◆ **Source data**:
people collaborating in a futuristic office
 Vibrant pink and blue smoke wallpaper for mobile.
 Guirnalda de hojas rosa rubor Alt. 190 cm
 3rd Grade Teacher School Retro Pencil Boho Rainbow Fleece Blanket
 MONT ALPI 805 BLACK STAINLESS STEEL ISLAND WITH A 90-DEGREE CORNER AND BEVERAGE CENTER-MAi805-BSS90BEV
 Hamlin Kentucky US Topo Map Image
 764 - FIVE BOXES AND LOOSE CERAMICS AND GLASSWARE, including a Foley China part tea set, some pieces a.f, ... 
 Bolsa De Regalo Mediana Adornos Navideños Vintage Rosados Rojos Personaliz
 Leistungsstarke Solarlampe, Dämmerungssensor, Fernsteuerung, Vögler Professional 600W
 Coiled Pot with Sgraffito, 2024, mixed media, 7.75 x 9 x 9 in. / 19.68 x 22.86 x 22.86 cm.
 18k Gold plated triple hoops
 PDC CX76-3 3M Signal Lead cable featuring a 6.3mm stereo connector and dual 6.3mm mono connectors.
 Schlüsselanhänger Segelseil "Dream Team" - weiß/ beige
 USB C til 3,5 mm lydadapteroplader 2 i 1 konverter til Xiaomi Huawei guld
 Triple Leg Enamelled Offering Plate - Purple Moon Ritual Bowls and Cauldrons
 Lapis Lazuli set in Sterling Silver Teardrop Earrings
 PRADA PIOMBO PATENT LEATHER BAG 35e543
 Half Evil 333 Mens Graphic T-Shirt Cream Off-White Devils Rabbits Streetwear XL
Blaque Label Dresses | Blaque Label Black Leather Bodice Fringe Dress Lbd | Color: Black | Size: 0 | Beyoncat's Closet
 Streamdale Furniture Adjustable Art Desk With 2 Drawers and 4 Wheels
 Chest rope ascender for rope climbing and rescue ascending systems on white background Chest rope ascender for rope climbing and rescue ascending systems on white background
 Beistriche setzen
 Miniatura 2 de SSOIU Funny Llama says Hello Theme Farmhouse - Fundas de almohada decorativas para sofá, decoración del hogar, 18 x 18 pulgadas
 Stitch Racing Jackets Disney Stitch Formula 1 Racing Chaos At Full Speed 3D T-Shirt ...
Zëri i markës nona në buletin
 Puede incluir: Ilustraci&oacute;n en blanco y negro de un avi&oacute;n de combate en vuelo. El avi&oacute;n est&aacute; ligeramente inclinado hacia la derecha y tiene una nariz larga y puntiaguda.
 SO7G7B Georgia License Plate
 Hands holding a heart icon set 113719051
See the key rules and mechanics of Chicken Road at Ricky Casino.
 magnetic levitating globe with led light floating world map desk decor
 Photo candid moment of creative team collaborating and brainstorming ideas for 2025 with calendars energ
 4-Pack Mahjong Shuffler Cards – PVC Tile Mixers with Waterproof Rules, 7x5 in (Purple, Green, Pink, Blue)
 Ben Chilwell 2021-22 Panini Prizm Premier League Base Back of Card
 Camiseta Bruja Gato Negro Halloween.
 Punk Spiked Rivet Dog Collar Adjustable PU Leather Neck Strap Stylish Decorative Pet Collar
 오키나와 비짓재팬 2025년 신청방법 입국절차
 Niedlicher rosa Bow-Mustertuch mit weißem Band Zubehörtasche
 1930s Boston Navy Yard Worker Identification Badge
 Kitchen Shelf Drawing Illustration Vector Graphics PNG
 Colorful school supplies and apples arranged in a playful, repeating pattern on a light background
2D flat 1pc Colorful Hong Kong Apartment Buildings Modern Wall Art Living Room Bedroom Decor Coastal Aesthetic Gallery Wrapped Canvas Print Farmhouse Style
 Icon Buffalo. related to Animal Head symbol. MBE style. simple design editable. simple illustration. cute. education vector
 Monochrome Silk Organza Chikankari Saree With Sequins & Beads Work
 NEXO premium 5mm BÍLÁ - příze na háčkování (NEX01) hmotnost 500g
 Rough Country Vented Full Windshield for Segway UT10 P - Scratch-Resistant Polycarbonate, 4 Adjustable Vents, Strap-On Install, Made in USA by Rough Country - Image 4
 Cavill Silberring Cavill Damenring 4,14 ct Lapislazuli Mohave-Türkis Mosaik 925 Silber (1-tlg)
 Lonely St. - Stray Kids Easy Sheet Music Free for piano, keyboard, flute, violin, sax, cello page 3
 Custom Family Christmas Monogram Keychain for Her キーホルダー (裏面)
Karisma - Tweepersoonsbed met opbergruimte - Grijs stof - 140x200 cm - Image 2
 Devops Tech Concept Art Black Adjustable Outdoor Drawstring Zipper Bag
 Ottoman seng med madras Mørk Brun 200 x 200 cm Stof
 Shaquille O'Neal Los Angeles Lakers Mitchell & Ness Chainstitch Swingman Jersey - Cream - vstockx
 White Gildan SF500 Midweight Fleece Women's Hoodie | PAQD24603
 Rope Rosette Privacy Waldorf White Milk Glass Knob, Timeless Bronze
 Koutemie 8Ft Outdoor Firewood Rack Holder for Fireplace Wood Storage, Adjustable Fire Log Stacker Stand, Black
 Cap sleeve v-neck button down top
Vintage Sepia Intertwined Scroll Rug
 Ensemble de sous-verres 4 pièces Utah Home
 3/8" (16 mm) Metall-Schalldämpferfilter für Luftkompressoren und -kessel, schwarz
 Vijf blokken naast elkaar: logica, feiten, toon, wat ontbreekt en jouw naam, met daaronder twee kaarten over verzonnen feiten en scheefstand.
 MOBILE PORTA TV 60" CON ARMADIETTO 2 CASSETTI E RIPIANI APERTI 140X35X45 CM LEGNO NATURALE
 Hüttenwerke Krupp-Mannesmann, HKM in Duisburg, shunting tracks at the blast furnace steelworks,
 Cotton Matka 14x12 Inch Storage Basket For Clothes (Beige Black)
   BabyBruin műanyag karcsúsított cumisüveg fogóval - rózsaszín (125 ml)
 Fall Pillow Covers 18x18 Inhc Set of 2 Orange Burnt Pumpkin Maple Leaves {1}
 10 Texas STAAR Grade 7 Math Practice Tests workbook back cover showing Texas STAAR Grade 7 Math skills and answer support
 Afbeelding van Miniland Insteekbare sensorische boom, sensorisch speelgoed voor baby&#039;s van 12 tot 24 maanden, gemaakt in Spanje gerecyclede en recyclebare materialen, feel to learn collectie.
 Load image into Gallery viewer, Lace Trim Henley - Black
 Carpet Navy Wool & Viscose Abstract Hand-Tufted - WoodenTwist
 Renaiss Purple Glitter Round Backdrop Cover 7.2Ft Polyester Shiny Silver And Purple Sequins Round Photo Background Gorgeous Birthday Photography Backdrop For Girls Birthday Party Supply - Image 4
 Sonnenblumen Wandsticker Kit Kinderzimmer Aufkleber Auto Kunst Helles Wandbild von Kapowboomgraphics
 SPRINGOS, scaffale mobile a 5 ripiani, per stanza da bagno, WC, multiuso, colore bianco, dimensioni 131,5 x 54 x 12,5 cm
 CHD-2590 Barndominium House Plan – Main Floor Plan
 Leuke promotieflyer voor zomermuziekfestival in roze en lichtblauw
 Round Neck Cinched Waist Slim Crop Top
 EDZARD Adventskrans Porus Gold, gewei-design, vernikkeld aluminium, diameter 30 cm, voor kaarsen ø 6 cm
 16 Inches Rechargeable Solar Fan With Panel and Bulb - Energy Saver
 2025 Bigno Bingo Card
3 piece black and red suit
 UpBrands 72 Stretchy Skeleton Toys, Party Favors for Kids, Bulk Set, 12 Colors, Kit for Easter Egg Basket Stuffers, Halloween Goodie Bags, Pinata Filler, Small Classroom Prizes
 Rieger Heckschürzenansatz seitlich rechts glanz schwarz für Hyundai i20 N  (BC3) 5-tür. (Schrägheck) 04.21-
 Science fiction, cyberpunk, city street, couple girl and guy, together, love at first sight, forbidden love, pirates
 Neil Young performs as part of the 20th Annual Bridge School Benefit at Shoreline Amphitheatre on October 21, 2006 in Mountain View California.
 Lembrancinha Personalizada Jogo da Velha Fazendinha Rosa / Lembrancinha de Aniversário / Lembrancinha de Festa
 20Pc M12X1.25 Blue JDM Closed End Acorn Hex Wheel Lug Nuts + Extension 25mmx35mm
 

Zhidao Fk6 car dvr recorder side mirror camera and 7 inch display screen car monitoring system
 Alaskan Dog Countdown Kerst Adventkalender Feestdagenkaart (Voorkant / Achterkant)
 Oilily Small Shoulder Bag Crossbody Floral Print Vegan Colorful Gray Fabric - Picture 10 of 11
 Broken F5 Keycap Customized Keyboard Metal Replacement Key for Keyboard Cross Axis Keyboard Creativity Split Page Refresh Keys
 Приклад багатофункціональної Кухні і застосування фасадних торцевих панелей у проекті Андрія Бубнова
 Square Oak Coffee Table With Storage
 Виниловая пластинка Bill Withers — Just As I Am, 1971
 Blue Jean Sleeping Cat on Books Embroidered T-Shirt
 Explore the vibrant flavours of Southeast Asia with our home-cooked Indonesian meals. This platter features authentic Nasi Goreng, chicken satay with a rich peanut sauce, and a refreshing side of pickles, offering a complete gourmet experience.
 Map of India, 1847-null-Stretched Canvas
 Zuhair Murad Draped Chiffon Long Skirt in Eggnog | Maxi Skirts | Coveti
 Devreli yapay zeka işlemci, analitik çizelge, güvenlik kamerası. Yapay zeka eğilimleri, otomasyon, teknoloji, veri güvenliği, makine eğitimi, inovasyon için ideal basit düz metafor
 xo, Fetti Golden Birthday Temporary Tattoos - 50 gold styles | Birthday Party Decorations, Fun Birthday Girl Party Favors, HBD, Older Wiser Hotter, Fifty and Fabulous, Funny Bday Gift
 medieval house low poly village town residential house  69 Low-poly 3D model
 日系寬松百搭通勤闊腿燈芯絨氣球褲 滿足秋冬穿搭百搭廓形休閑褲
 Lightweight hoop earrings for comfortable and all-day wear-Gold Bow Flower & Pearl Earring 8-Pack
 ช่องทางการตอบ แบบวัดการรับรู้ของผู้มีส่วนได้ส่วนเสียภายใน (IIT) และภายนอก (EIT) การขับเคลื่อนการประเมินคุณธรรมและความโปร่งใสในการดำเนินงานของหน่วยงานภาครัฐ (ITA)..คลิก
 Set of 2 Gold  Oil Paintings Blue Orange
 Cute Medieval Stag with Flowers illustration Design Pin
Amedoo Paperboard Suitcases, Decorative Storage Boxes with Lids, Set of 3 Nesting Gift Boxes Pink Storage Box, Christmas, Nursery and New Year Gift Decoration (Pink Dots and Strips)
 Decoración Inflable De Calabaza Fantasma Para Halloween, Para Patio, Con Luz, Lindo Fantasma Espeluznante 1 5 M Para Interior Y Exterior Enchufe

◆ **What you need to do**:
Look above for the line with "Zuhair Murad Draped" and the line with "Devreli yapay zeka". Write out those two lines and all the lines between them, exactly, and no others.

◆ **Task answer**:
 Zuhair Murad Draped Chiffon Long Skirt in Eggnog | Maxi Skirts | Coveti
 Devreli yapay zeka işlemci, analitik çizelge, güvenlik kamerası. Yapay zeka eğilimleri, otomasyon, teknoloji, veri güvenliği, makine eğitimi, inovasyon için ideal basit düz metafor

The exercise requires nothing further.